Chapter 8 starts with Cicero ( Ad Att. 16. 5.1), who refers to the presence of a tragedy entitled Tereus as a substitute for Brutus, and explores the affinity between Accius’ Brutus and Brutus’ Tereus, both characterized as anti-tyrannical. Degl’Innocenti Pierini underlines that the two myths, coupled in Ovid’s Fast. 2.851ff., are profoundly related: Accius celebrated the legend of Lucretia, whose silence would have been aroused by psychological violence analogous to the glossectomy perpetrated by Tereus.
Concluding the volume, chapter 9 examines another quotation in Cicero’s Tusculanae (2.36). For three reasons the author rejects the hypothesis that TRF inc. inc. 205-208 R. 2-3 3 may come from Accius’ Meleager : (1) Cicero never quotes this tragedy; (2) the theme of eugenics is not related to de tolerando dolore, the main argument of Book 2 of Cicero’s Tusculanae; (3) the fragment reports the physical exercise of Spartans in opposition to the fertilitas barbara, although but in the myth of Atalanta, there is no element which indicates an opposition between Greeks and barbarians. Instead, she persuasively argues that the fragment is derived from Ennius’ Andromache, considering the relevance of this drama in the Tusculanae and relying on the fact that physical exercises by Spartan women are always mentioned in contexts related to Helen.

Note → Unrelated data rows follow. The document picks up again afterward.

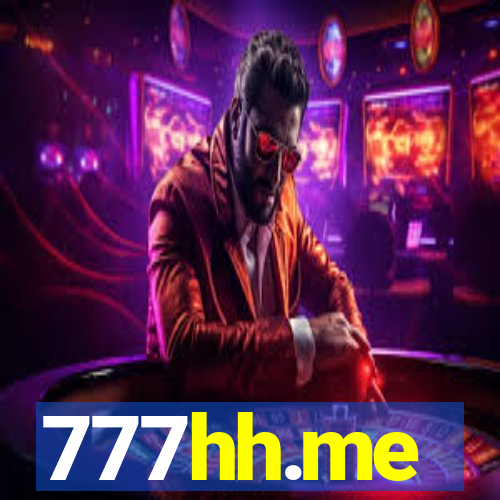 777hh.me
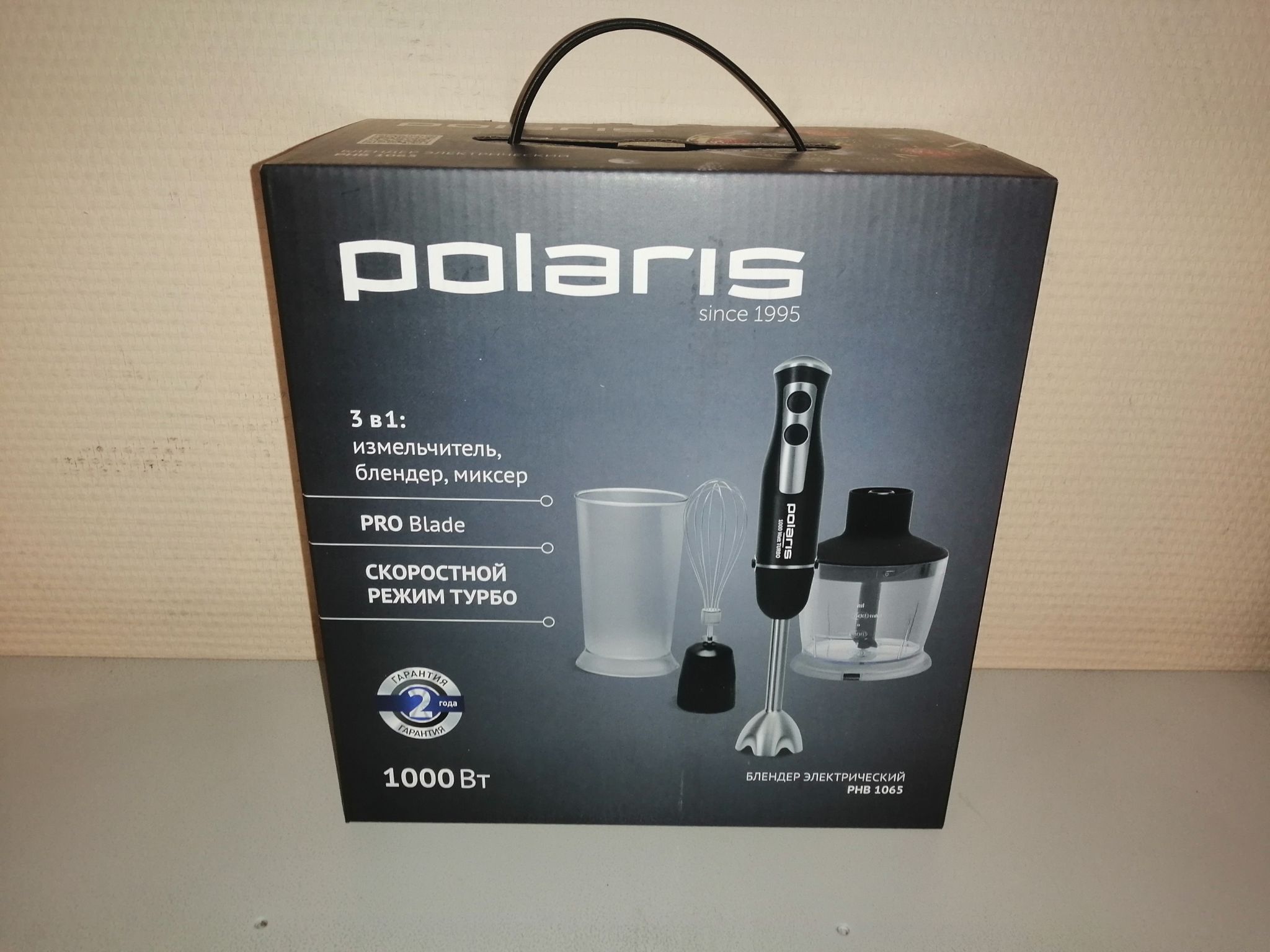 Polaris phb 1065. Блендер Polaris since 1995. Блендер Polaris since 1065. Блендер Polaris PHB 1065.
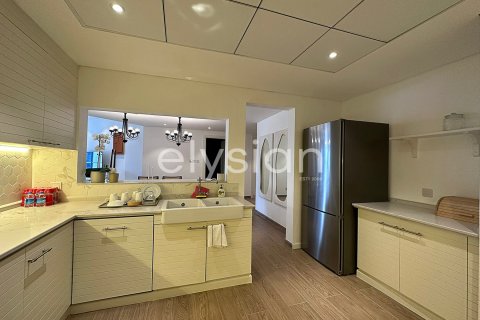 شقة في Marina Tower, مرسى دبي, دبي 2 غرف نوم, 271 م² رقم 38072 - صورة 13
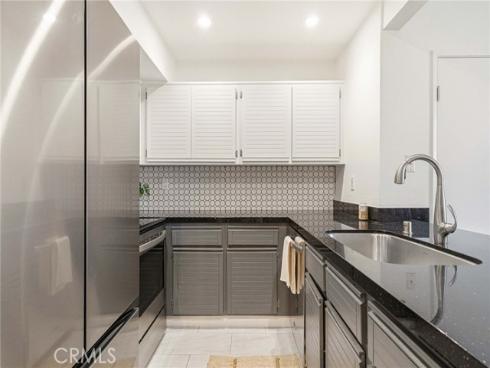 25712 Le Parc 41 , Lake Forest, CA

Pomponio Secondo: profilo di un poeta tragico ‘minore’ opens a path for further discovery, including the study of fragmentary texts, literary strategies such as intertextuality, reception of topoi and contamination from other genres. The scope, the reception, the intertextual engagement and chronology have been satisfactorily pinned down. We ought to remember the programmatic statements of the author: Degl’Innocenti Pierini’s explicit concern was to shed light on a ‘minor’ author who has been neglected by scholarship. In this, the book undoubtedly achieves its aims, but the volume also supplies a guide of how we should work on fragmentary texts. Caution and originality go hand in hand in this book. Overall, the organization of the volume works very well, as the two parts perfectly harmonize. At the end, the author also supplies an index of relevant passages. As a whole, the book maintains coherence and succeeds in outlining a vivid portrait of Pomponius Secundus and in displaying an excellent methodology for the study of tragic fragmentary texts.
1. A. J. Boyle, Roman Tragedy London & New York 2016, 186-184: “it is clearly impossible to gain any real sense of the politics of Pomponius’ works”. The only studies on Pomponius are T. Eckinger, P. Pomponius Secundus, Étude philologique annexée au rapport du Gymnase de la Chaux-de-Fonds 1906-1907, 1-20; A. Della Casa, Pomponio Secondo tragediografo, Dioniso 35, 1961, 58-75; A. Galimberti, & I. Ramelli, L’Octavia e il suo autore: P. Pomponio Secondo?, Aevum 75, 2001, 79-99; A. Galimberti, L’autore dell’Octavia, in: L. Castagna, & G. Vogt-Spira (eds.), Pervertere: Ästhetik der Verkehrung. Literatur und Kultur neronischer Zeit und ihre Rezeption München & Leipzig 2002, 71-73.
2. J. F. Miller, Apollo, Augustus, and the Poets, Cambridge 2009, 292.
3. M. Schauer (ed.), Tragicorum Romanorum Fragmenta, Vol. 1: Livius Andronicus; Naevius; Tragici minores; Fragmenta adespota, Göttingen 2012.